Is HTB / Alpha pressurizing?
Does HTB pressurize people in its attempt to ‘evangelize the nation’? It can do. You’re not pressured to convert, but the church is quick to seize on any success stories and use them as adverts (or ‘testimony’). Like Landmark, in fact.
After doing Alpha, I was asked to give my ‘testimony’ at some services. Not pressured, just asked. For some stupid reason (vanity) I thought this would be a relaxed conversation between equals. In fact, Nicky told me before we went on stage ‘you’ll be there for a minute so keep it really simple. Think of it like a detergent advert: before, dirty shirt, then Alpha, now clean shirt’. So I went on stage with Nicky, in front of 500 of the faithful at HTB. How was your life before Alpha? Fine. How was Alpha? Fine. How is your life now? Fine. Compared to everyone else’s testimony of miraculous redemption, mine was a definite damp squib. And I had to go to two more services and do the same thing again, St Peter-style.

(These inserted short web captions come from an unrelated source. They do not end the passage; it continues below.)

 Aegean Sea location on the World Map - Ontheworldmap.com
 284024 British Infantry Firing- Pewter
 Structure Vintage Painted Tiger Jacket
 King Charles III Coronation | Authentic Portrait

It left a bad taste in the mouth and for a while put me off the church. I felt there is a risk of commoditizing people into adverts for Alpha. Don’t simplify the complexity of the religious journey to ‘lost, saved, next!’ It showed there is indeed a potential danger that Alpha becomes an end in itself, a slick marketing machine – not to get money or power, but to fish souls for God. Sometimes the fishing feels a little industrial. This comes, I think, from Gumbel’s sense that while HTB is helping the C of E grow in London, everywhere else it’s potentially facing extinction. No surprise, then, if there is a sense of urgency.
But I stress I think this is just a tendency to watch out for – I don’t think Alpha is the super-evangelizing brain-washing machine its critics suggest. The only non-Christian in my group who became a Christian was me – and I was a Stoic theist before, so it wasn’t a big leap. People go on it because they want to find God, so it’s not surprising some of them do. And a lot of its supposedly high-pressure techniques are really just group dynamics – giving people a space to talk together, eat together, sing together, pray together. What’s weird is not that Alpha meets that basic need. It’s that secular culture fails to do so.

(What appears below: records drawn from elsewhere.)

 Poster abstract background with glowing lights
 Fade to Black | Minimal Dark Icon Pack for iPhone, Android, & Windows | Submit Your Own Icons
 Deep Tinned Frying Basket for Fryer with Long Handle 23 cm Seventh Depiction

One of the characters in the book says that the Course answers a ‘fundamental need’ in us for community, for ethics, for transcendent experience. ‘Just become people need something, it doesn’t mean we should give it to them’, answers another.

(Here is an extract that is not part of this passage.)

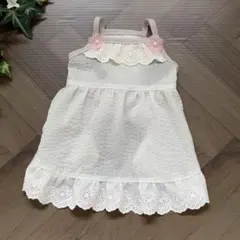 【SALE】사이즈*화이트 리플 캐미 드레스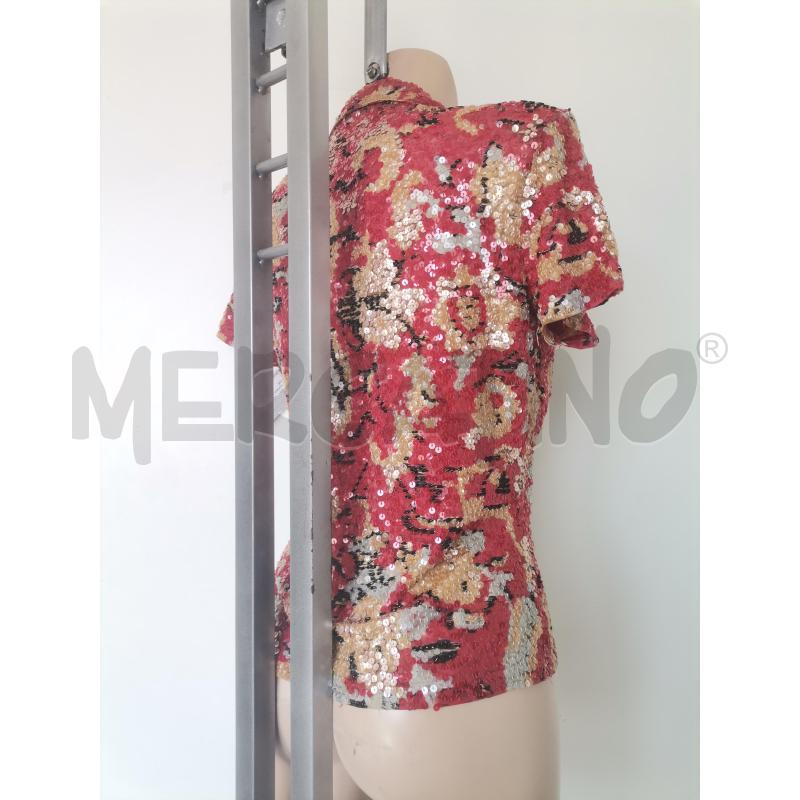 CAMICIA DONNA LIST ROSSO BEIGE | Mercatino dell'Usato Lamezia terme 3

Well, I think it does. How will our post-religious culture meet that need? Preston, now doing a PhD in English, seems to look to culture as a substitute for the church, and to ‘literary priests’ like Gerard Manley Hopkins. That’s definitely one answer, but I’m not sure it entirely answers our fundamental need for community, ethics and collective transcendent experience. Personally, I think it’s a lot better to meet that need via a centuries-old, not-for-profit, and basically friendly organisation like the Anglican Church, rather than a New Age for-profit corporation like Landmark.
People of our generation, Preston’s and mine, have taken the church for granted, as this faintly ridiculous part of our cultural landscape that will always be there, like an old uncle who turns up at Christmas. But it’s close to disappearing, just at the time we may need it most. As a generation, I think we need to get over our tendency to aloofness, to individualism. We need to tend the garden before it dies completely.